Akcja przenosi się do szpitala psychiatrycznego. Kumru siedzi na łóżku i kończy pisać list. Składa kartkę i wsadza ją do koperty. „Myślicie, że będziecie szczęśliwi” – mówi do siebie. – „Nie wiecie, co was czeka jutro rano. Bomba eksploduje w samym sercu domu”. Akcja przeskakuje do następnego dnia. Emir wchodzi do kuchni i nalewa sobie kawy. „Synu” – zwraca się do niego Melike. – „Od kilku dni nie wyglądasz dobrze. Co ci jest?”. „Jestem zmęczony, siostro”. „Wiesz o tym, ale nie naciskaj za bardzo na Feride. Jest bardziej zraniona niż myślisz. Zostaw wszystko czasowi”.

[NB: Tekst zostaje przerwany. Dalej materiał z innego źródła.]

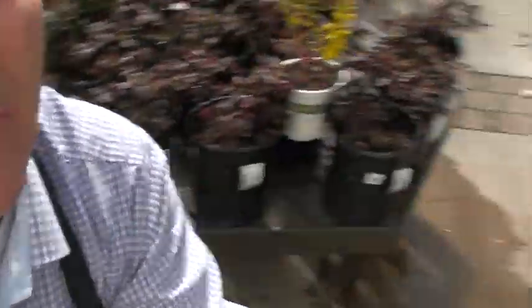Hey, Ken here at Waters, and I've got some exciting news. Some stuff just came off the truck. It's a new forsythia — it's called the Show-Off forsythia. Let me show you this prop.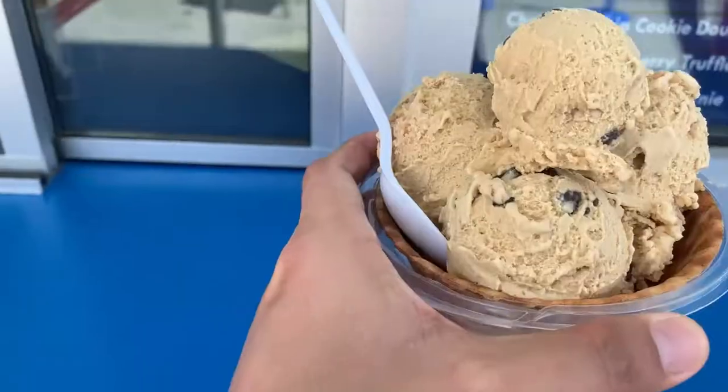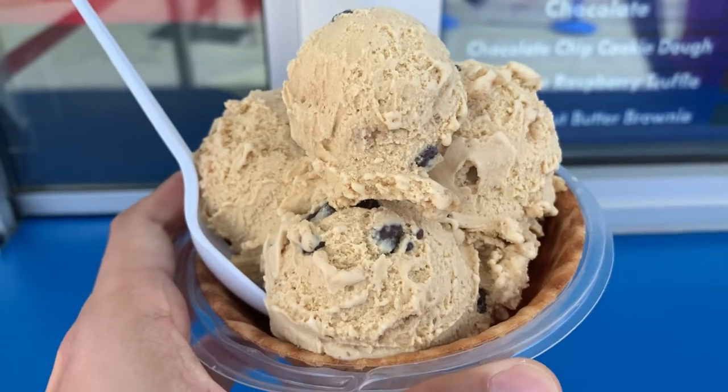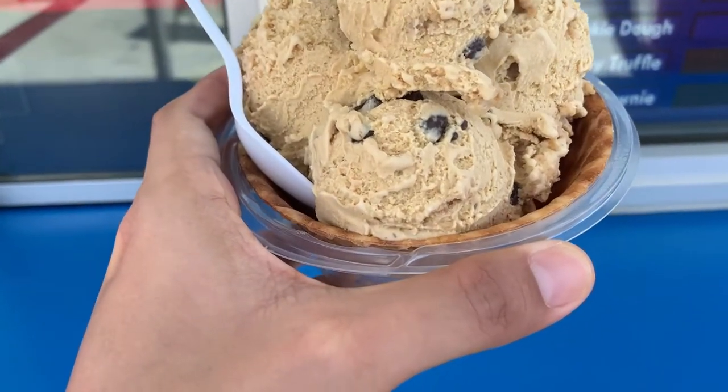What are you going to get? Four scoop samplers — I'm going to get four different flavors. For me, I'm going to get the Graham Central Station. This is my ice cream. So this is the Graham with waffle.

„Masz rację. Zraniłem ją bardziej niż myślałem” – przyznaje Emir. – „Słyszałem jej rozmowę z Narin”. „Czyli już wiesz?” – bardziej stwierdza, niż pyta Melike. „Siostro, czyli i ty wiedziałaś? Jestem bardzo zdezorientowany. Nie wiem, co robić, jak się zachowywać”. „Porozmawiaj z nią, synu. Powiedz jej o swoich uczuciach”. „Nie wiem. Co jeśli rozmową tylko pogorszę sytuację? Poza tym, co mam jej powiedzieć? Że nie wiedziałem, co czuję, że właśnie to sobie uzmysłowiłem i że przepraszam ją za wszystko? To mam jej powiedzieć?”. Melike dopiero teraz dostrzega stojącą w wejściu do kuchni Feride. Dziewczyna ucieka. Co Talaz zrobi z Cavidan? Jakie informacje znajdują się w liście, który przygotowała Kumru?